Dans la préface de l'album dédié au centième anniversaire de la naissance de Levitan, le critique d'art Vladimir Prytkov écrit que dans ce tableau Paix éternelle « le peintre s'élève jusqu'au pathétique tragique », cherchant à « exprimer par l'image de la nature des pensées philosophiques de son époque »[80]. Sans considérer cette toile comme centrale dans l'œuvre de Levitan, Prytkov reconnait qu'elle fait partie des créations les plus importantes de l'artiste. Par le caractère symbolique du tableau, Prytok écrit que Levitan veut montrer « la contradiction éternelle entre les forces majestueuses et belles de la nature et le destin pathétique de l'homme en elle »[81].
Dans une monographie sur l'œuvre de Levitan, parue en 1966, le critique d'art Alekseï Fiodorov-Davydov écrivait, que le tableau Paix éternelle aborde la question de « la relation de l'être humain à la vie éternelle de la nature ». D'un côté, l'artiste montre « le grandiose espace aquatique du lac et l'espace encore plus imposant et majestueux du ciel », et d'un autre point de vue, un petit promontoire sur lequel se trouve une vieille église et un cimetière rural abandonné. Selon Fiodorov-Davydov, « à partir de cette juxtaposition de la nature et des traces de la présence de l'homme se constitue un paysage tragique et plein de tristesse »[45]. Selon le critique, dans ce tableau « avec toute la force de la maîtrise de Levitan se développe la comparaison de la vie humaine à la majesté grandiose de la nature »[82].

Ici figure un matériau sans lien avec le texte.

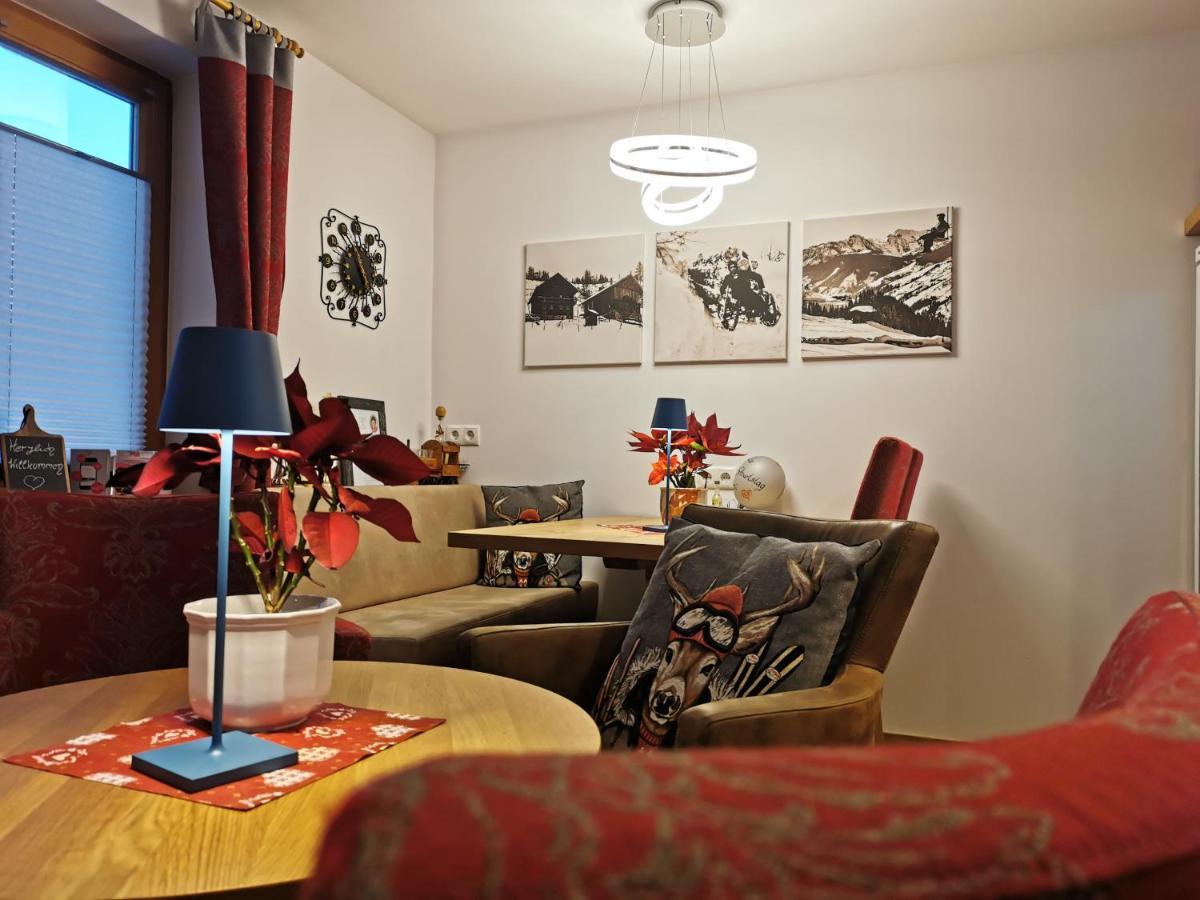 Oberauer Wagrain - Die Eco Familien Hotelpension B&B Екстериор снимка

Une analyse comparative de trois œuvres de Levitan du « cycle dramatique » de la première moitié des années 1890 révèle pour le critique Vladimir Petrov, que si la première des trois œuvres Eaux profondes « exprime l'émotion et la compréhension par l'artiste des dissonances et des contradictions de l'être de manière personnelle et presque irrationnelle », le deuxième tableau - Vladimirka — présente plutôt « une dimension sociale et historique du courant figuratif », puis le troisième tableau — Paix éternelle — « témoigne de la pensée et de la palette dramatique de Levitan proche dans son essence d'une philosophie naturelle d'échelle planétaire par son ampleur »[84]. Selon Petrov, le tableau Paix éternelle, peut à bien des égards être rapproché de celui d'Alekseï SavrassovTombe sur la Volga (1874, Musée d'État des beaux-arts du kraï de l'Altaï), comme héritier d'une « tradition élégiaque » et comme « véritable image monumentale et, en son genre, une espèce d'élégie »[85].
Le critique d'art Vitali Manine(ru) remarque que le motif, la composition et la gamme de couleurs de la toile Paix éternelle sont caractéristiques de la nature russe en peinture. À propos de la signification philosophique de l'œuvre il écrit que le tableau « évoque de nombreuses associations, allusions, hypothèses »[86]. Selon Manine, « dans le caractère expressif de la plastique du tableau » on retrouve facilement « un sentiment de puissance des éléments naturels, et leur signification implicite ». Selon ce critique ce tableau est l'un des plus expressifs, des plus associatifs et dynamiques de Levitan »[87].